5) Configure dhcp pool - 10.27.165.2 to 10.27.165.128 mask /24

6) open access on outside interface

7) IKE group - vpntesting

A) Did I miss anything?

B) For example, there is a LAN segment - 10.27.40.x/24 on the trusted leg of the Cisco ASA but I can't access it. Do I need to create access lists to allow my VPN session to access the trust LANs?

C) Any good guide for configuring remote access VPN using ASDM?

Harish Balakrishnan · ‎10-09-2012

Hello Bernard,

U have listed all man :).. just a thing.. did you create the split tunnel and specified the network which VPN wants to access and also.. if you have a nat configured for internet access, for your lan , then you need to have a 'no nat ' configured

for this VPN communication..

please post your config so that, i can help you out if there some other playing a role

Harish,

shuja.najmee · ‎10-12-2012

I have couple of issues with my EasyVPN server and Cisco VPN Client on Win7.

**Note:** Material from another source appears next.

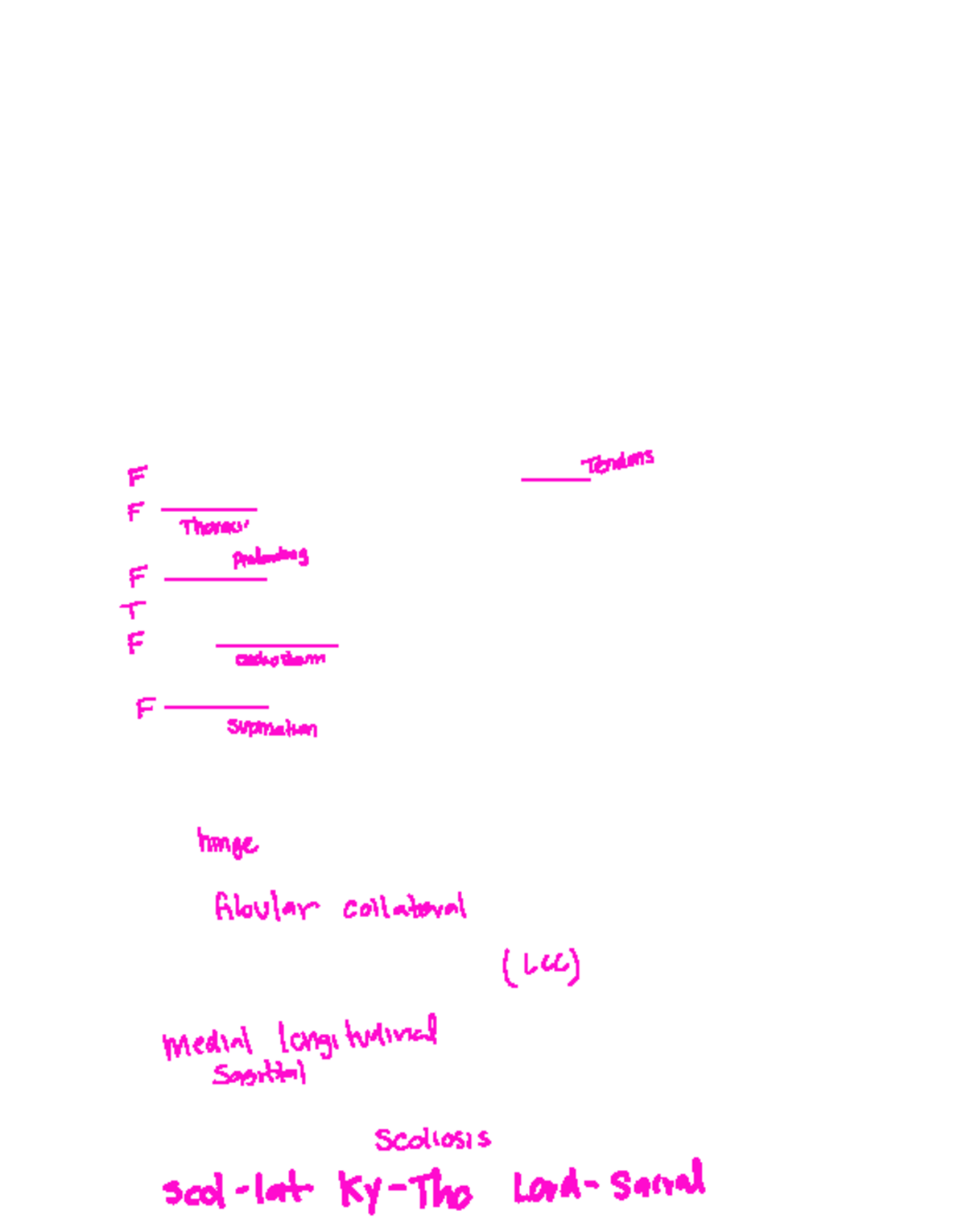 Exam+2+review+%282%29 - HHP11000001 - Tendons F - F Thoracks ...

1: Sometimes, clients are connected, connection shows established but no traffic or pings can be made to corp network. I might have to do with NAT settings to except VPN traffic from being NATed.

2: VPN Clients don't pick the same IP address from local address pool even though I specified "RECYLE" option.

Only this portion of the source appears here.